Piggy fails as a sympathetic character mainly because of his failure to try to help Simon in Chapter Nine when the hunters circle around him and beat him to death in a savage frenzy, along with his attempts after this murder to excuse what has occurred as an accident by means of a false rationalization to Ralph about what has actually taken place:
"We was scared!...Anything might have happened. It wasn't--what you said.....
It was an accident," said Piggy stubbornly, "and that's that."
In addition to this egregious denial, there are other more minor reasons for Piggy's being an unsympathetic character, among them the following:
- Piggy's inability to face the realities of their life on the island is prevalent in Golding's narrative, beginning with his whining about being called Piggy even though he volunteered the moniker to Ralph upon their first meeting.
- At times rather querulous, Piggy quibbles about things of little import; for instance, he tells Ralph that Samneric should take two turns gathering firewood after Jack and the others have stolen the fire, even though they do everything together. As another example, when he loans his glasses for the boys to start the fire, he complains that he will have clean them again. Often he complains to Ralph of Ralph's treatment of him.
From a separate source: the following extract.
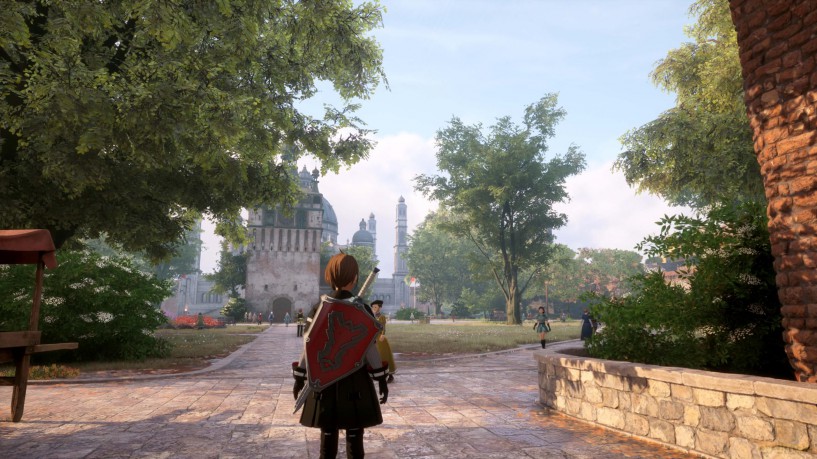 Echoes of Aincrad [GRA PS5]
- While he is a good thinker and does have ideas that provide solutions such as setting a fire on the beach after Jack and his boys steal the one on the mountain, Piggy is ineffective as a leader as well as an example to the other boys. For instance, at one point he demands that the boys choose between following the rules and killing, between acting orderly and “breaking things up,” yet he himself acts lawlessly since he makes no effort to bring into question the hunters' despicable act of murdering Simon.